Gene discovery and pleiotropic architecture of chronic pain in a genome-wide association study of >1.2 million individuals.

作者信息

Toikumo Sylvanus, Davis Christal, Jinwala Zeal, Khan Yousef, Jennings Mariela, Davis Lea, Sanchez-Roige Sandra, Kember Rachel L, Kranzler Henry R

机构信息

Mental Illness Research, Education and Clinical Center, Crescenz VAMC, Philadelphia, PA 19104, USA.

Center for Studies of Addiction, University of Pennsylvania Perelman School of Medicine, 3535 Market Street, Philadelphia, PA 19104.

出版信息

Res Sq. 2025 Apr 10:rs.3.rs-6173614. doi: 10.21203/rs.3.rs-6173614/v1.
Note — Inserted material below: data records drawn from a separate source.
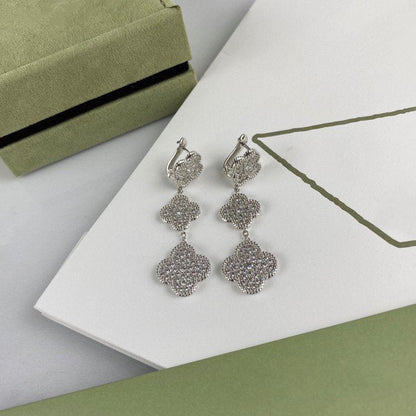 [Elowen Jewels]CLOVER 3 MOTIF DIAMOND SILVER DROP EARRINGS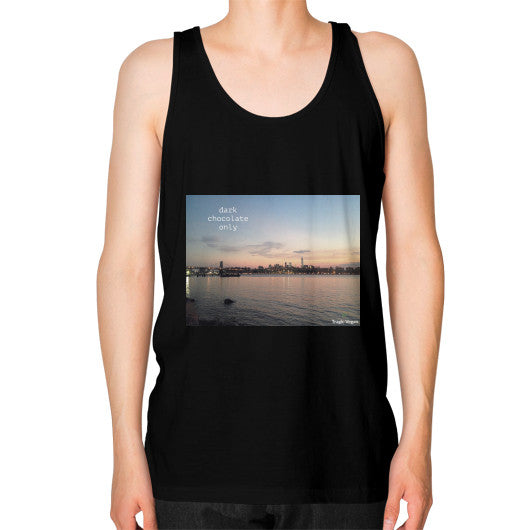 Unisex Fine Jersey Tank (on man) Black Tragic Vegan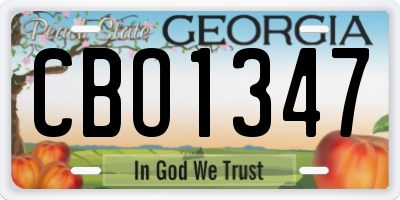 GA license plate CBO1347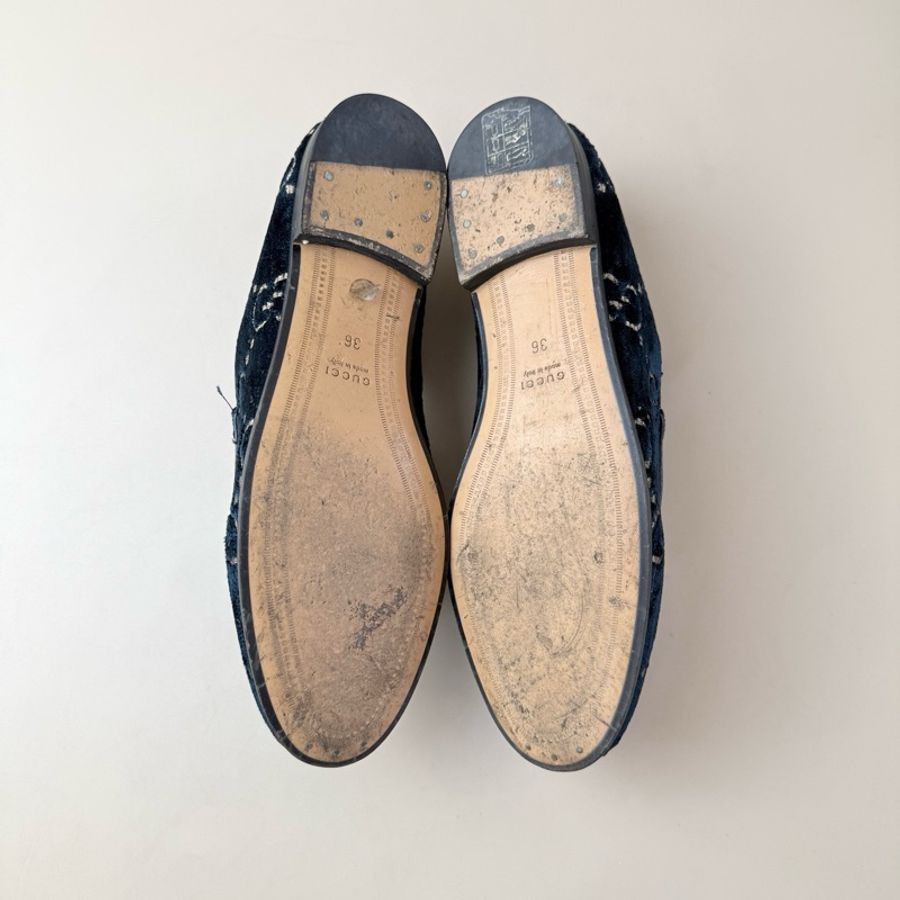 GUCCI/古驰 丝绒双G深蓝低跟鞋 36码 98新 品相不错-7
DOI:10.21203/rs.3.rs-6173614/v1
PMID:40297705
原文链接:https://pmc.ncbi.nlm.nih.gov/articles/PMC12036444/
Abstract

Chronic pain is highly prevalent worldwide, and genome-wide association studies (GWAS) have identified a growing number of chronic pain loci. To further elucidate its genetic architecture, we leveraged data from 1,235,695 European ancestry individuals across three biobanks. In a meta-analytic GWAS, we identified 343 independent loci for chronic pain, 92 of which were new. Sex-specific meta-analyses revealed 115 independent loci (12 of which were new) for males (N = 583,066) and 12 loci (two of which were new) for females (N = 241,266). Multi-omics gene prioritization analyses highlighted 490 genes associated with chronic pain through their effects on brain- and blood-specific regulation. Loci associated with increased risk for chronic pain were also associated with increased risk for multiple other traits, with Mendelian randomization analyses showing that chronic pain was causally associated with psychiatric disorders, substance use disorders, and C-reactive protein levels. Chronic pain variants also exhibited pleiotropic associations with cortical area brain structures. This study expands our knowledge of the genetics of chronic pain and its pathogenesis, highlighting the importance of its pleiotropy with multiple disorders and elucidating its multi-omic pathophysiology.

摘要

慢性疼痛在全球范围内高度流行,全基因组关联研究(GWAS)已鉴定出越来越多的慢性疼痛基因座。为了进一步阐明其遗传结构,我们利用了来自三个生物样本库的1235695名欧洲血统个体的数据。在一项荟萃分析GWAS中,我们鉴定出343个慢性疼痛独立基因座,其中92个是新发现的。性别特异性荟萃分析显示,男性(N = 583066)有115个独立基因座(其中12个是新发现的),女性(N = 241266)有12个基因座(其中2个是新发现的)。多组学基因优先级分析通过对大脑和血液特异性调节的影响,突出了490个与慢性疼痛相关的基因。与慢性疼痛风险增加相关的基因座也与多种其他性状的风险增加相关,孟德尔随机化分析表明慢性疼痛与精神疾病、物质使用障碍和C反应蛋白水平存在因果关系。慢性疼痛变异体还与皮质区域脑结构表现出多效性关联。这项研究扩展了我们对慢性疼痛遗传学及其发病机制的认识,突出了其与多种疾病多效性的重要性,并阐明了其多组学病理生理学。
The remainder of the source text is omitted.